Ma allora anche il periodo orbitale aumenta, ed aumenta in misura maggiore del raggio dell’orbita, perciò… paradossalmente, spingendo un corpo ad accelerare lungo la sua orbita, lo rallentiamo! Come risultato, Epimeteo si sposta su un’orbita più lenta di quella di Giano, e ora è quest’ultimo a muoversi più veloce… quindi inizia a distaccarlo!
Ma, dopo circa 4 anni, i ruoli si scambiano: ora Giano va più veloce e, mentre Epimeteo sente il suo fiato sul collo… la gravità di Giano lo “frena” spostandolo su un’orbita di raggio più piccolo, ma su cui viaggia più veloce, e come risultato Epimeteo inizierà a fuggire in avanti fino a quasi raggiungere Giano da dietro, e così via, in un ciclo che dura circa 8 anni, con un continuo scambio di energia e momento angolare.
La cosa interessante è che, pur condividendo la stessa orbita, i due corpi non solo non si affiancano mai e non si sorpassano mai, ma nemmeno si avvicinano a meno di 10000 km.
Un comportamento esemplare, che dovrebbe essere imitato da molti automobilisti, non credete?
Tuttavia, un aspetto più curioso è che l’orbita di Epimeteo, dal punto di vista di Giano, assume la forma di una specie di C; per questo, orbite di questo tipo si dicono a “ferro di cavallo” e sono proprio caratteristiche dei quasi-satelliti tramite il meccanismo descritto.
Infatti, anche la nostra Cruithne descrive, sempre dal punto di vista della Terra, un’orbita di questo tipo, anche se su tempi molto più lunghi: con un periodo di 770 anni.
In questo momento, per esempio, Cruithne ci precede di circa 70 gradi e – in media – si sta allontanando dalla Terra.
Anche in questo caso, i due corpi non si affiancano, non si sorpassano, e non si avvicinano a meno di 12 milioni di km; una distanza di sicurezza assolutamente irreprensibile per il codice della strada spaziale.
Rispetto a Giano e Epimeteo, però, la cosa è resa più complicata dall’eccentricità dell’orbita di Cruithne, per cui è tutto il “fagiolo” che si sposta periodicamente (Figura 6) lungo il ferro di cavallo.
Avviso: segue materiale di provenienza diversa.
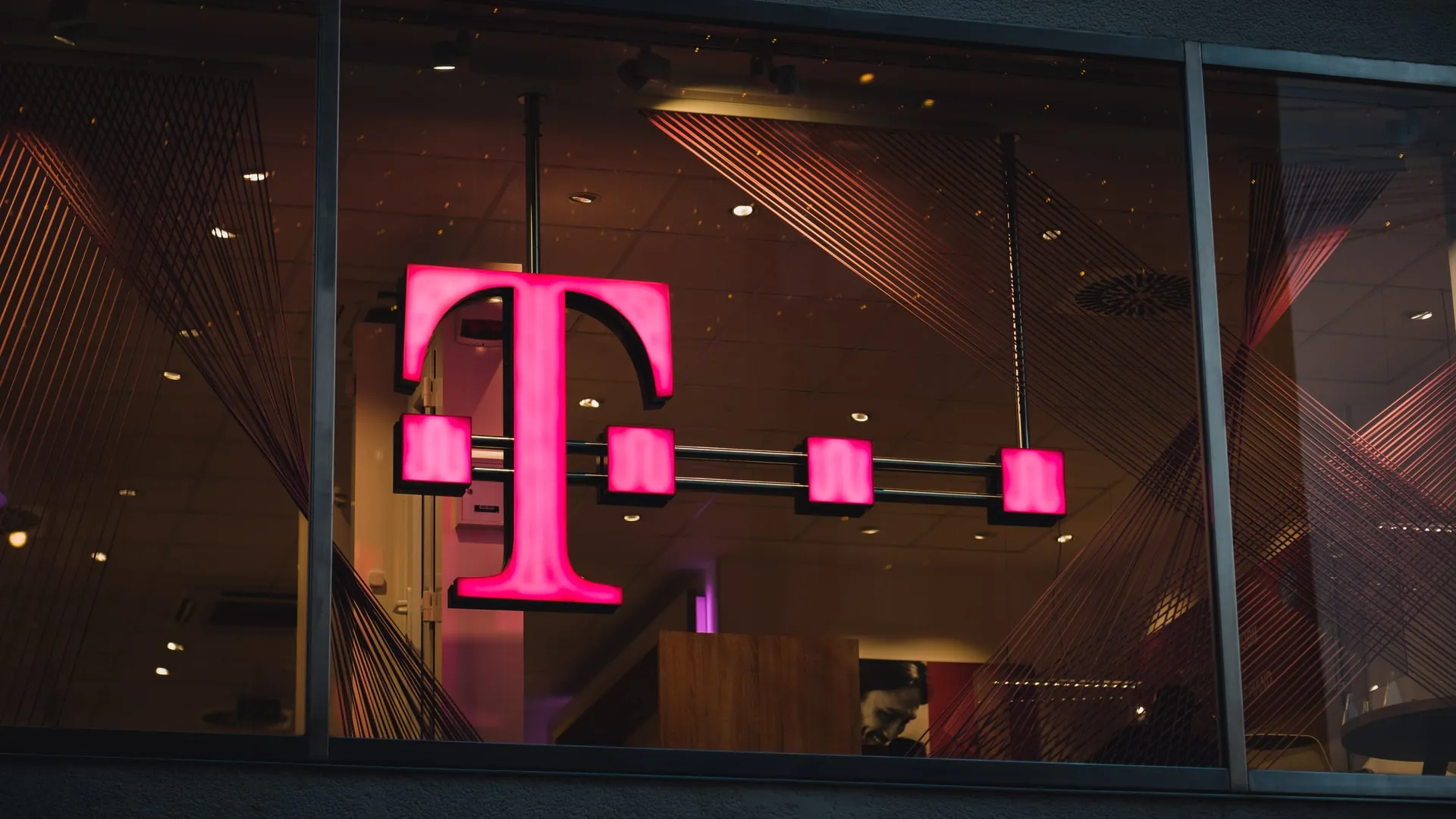 photo of t-mobile logo Photo by Mika Baumeister on Unsplash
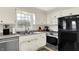 Functional kitchen with stainless steel appliances, white cabinetry, and a window view at 6605 Grosvenor Pl, Indianapolis, IN 46220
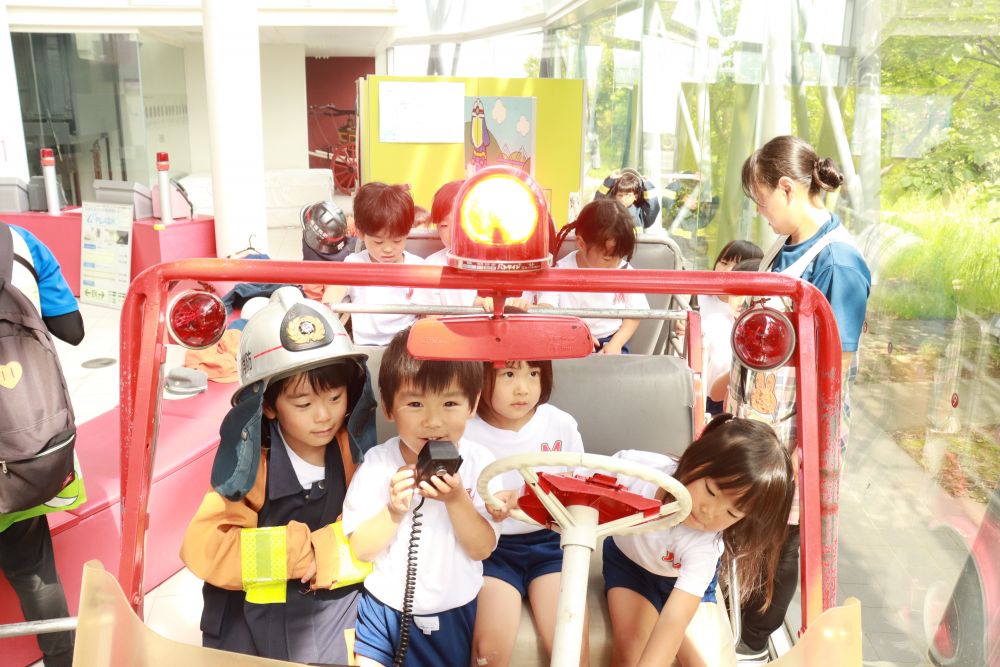 少しよそ行きの子ども達、仲良く順番にミニ消防車に乗って楽しみます
サイレンを鳴らしたり、マイクで喋ったり
これも消防士さんになりきっています
夢中な時の子どもの顔は何ともステキです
Ma non è finita!
L’orbita di Cruithne è inclinata rispetto alla nostra, quindi… la sua traiettoria appare dalla Terra come un’elegante spirale, con il suo asse che descrive l’orbita a ferro di cavallo, simile a quella di 2002 AA29 mostrata in Figura 7.
E ora, che abbiamo imparato (a prezzo di un bel mal di testa…) di quali acrobazie è capace la gravità, continuiamo forse a vedere il nostro Sistema Solare come un meccanismo ordinato, regolare, prevedibile e un po’ noioso, di cui ormai abbiamo capito proprio tutto-tutto-tutto? No, vero?
Ma aspettate un po’… che svilupperemo il tema delle risonanze orbitali … e ci dovremo ricredere un’altra volta!